The heavy cultivation of the Karun districts above Ahvaz is indicated by the dams there and at Wais, but especially by that at Shostar (Sostrate). Distribution of water, and transportation as well, was aided by the Masruqan (*Ardashiragan) canal. This channel descended to Ahvaz through Rustuqbadh (*Rostag-kawad, later 'Askar Mukram). These constructions proceeded from the reign of Ardashir to that of Shapur II and probably beyond. West of the Karun, Shapur I refounded the other major city on the Shush-Fars road; Beth Lapat, the province's other pre-Sasanian diocese and later seat of the metropolitan, became Jundishapur (Veh-andiv-i-shapur "Shapur's Better than Antioch"). It was "a city like Constantinople" at least in its large Roman colony begun with the captives of Valerian's army and augmented by physicians who joined the royal court there. The importance of this city had probably already been enhanced by Ardashir's erection of the Dizful bridge over the Ab-i Dis (Coprates). This construction improved the difficult road through the mountain districts where the province adjoined Mah (Diodorus Siculus xix.19.2). Masabadhan (Massabatice) and Mihrajanqadhaq had been under Elymaean domination (Strabo xi.13.6, xvi.1.18), but under the Sasanians they probably formed part of Mah.

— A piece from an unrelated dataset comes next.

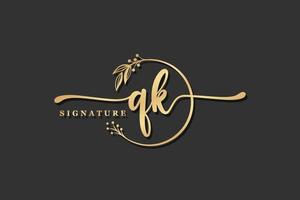 luxe or Signature initiale q k logo conception isolé feuille et fleur vecteur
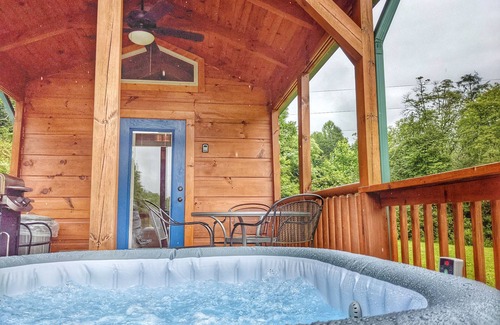 Topton Cabina | / Frank's Landing \ Una cabaña acogedora * pacífica * romántica cerca del lago Nantahala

The attention given to Khuzistan by the Sasanians indicates its importance. The construction of irrigation works was continued with the aim of increasing productivity. The wheat and barley crops were abundant. Sesame and dates were plentiful, and apparently trade had popularized rice there before Parthian rule (Strabo xv.3.11; Diodorus Siculus xix.13.6). The population remained ethnically complex through the Sasanian period. In the north and east Iranians mingled with the older Elamite-Semitic people, whose individuality is expressed in the dynastic shrines at Shimbar and tang-i Sarvak. In the west the province continued the Aramaic-speaking area; and the dramatic Arab invasion early in Shapur II's reign may have developed from a continual infiltration since Parthian times. Finally, some of the "Zutt" Indian tribes transported from the Sasanian eastern frontier flourished in the Ram-Ohrmazd-Ardashir district. Given this heterogeneity of the province, its distinctiveness as a dialect area is not surprising.
-The Cambridge History of Iran, vol. 3(2): The Seleucid, Parthian, and Sasanian Periods, ed. Ehsan Yarshater (NY: Cambridge UP, 1983), 753-754.